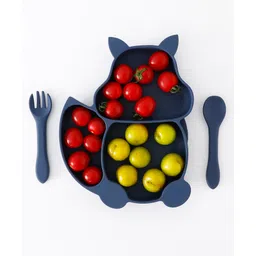 play nation Squirrel Shape Baby Silicone Feeding Set Suction Base Sectioned Plate With Silicone Spoon & Fork - Blue- Blue-picture-17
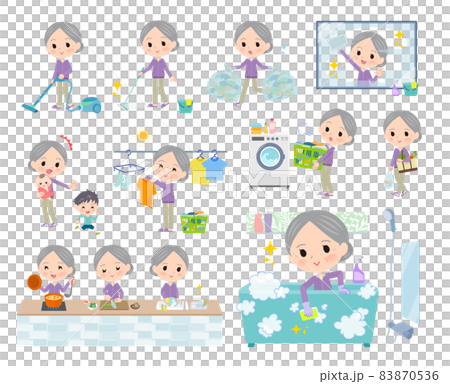 A set of elderly women's jerseys for household chores such as cleaning and washing 83870536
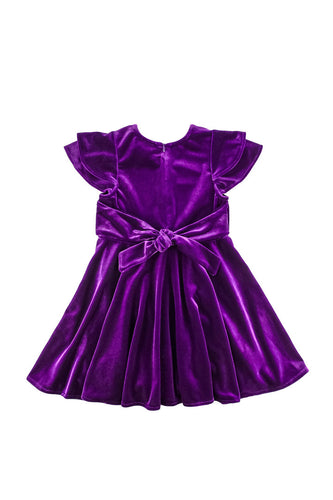 Stretch Velvet Violet Dress with Bow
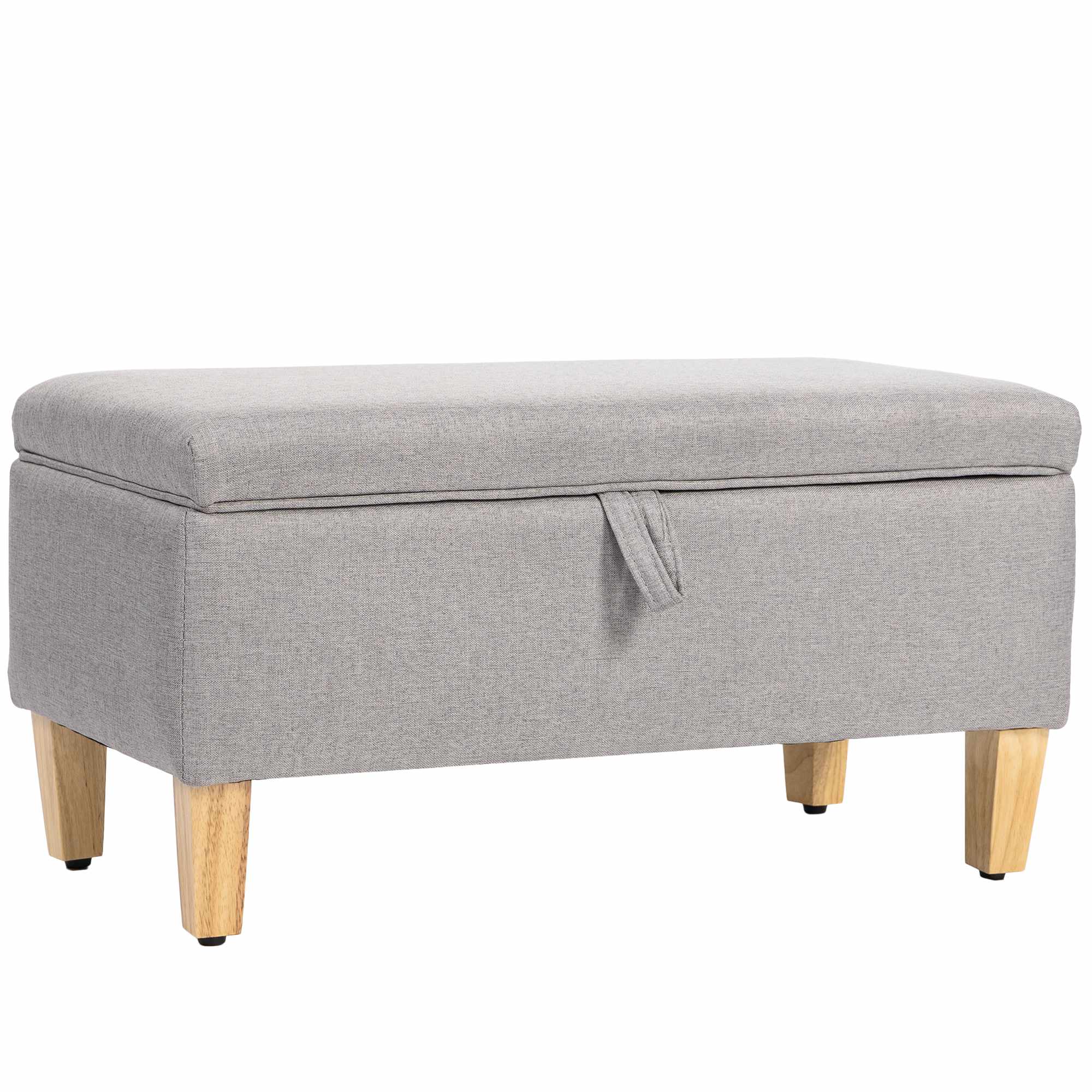 Förvaringsbänk Ottoman, Linne-Look, Ljusgrå 71cm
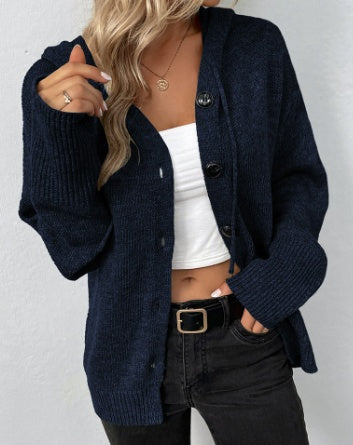 Hooded Sweater Women's Solid Color Cardigan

---

* Work request
Type out all of the records exactly, leaving out any picture.

* Completed exercise
 play nation Squirrel Shape Baby Silicone Feeding Set Suction Base Sectioned Plate With Silicone Spoon & Fork - Blue- Blue-picture-17
 A set of elderly women's jerseys for household chores such as cleaning and washing 83870536
 Stretch Velvet Violet Dress with Bow
 Förvaringsbänk Ottoman, Linne-Look, Ljusgrå 71cm
 Hooded Sweater Women's Solid Color Cardigan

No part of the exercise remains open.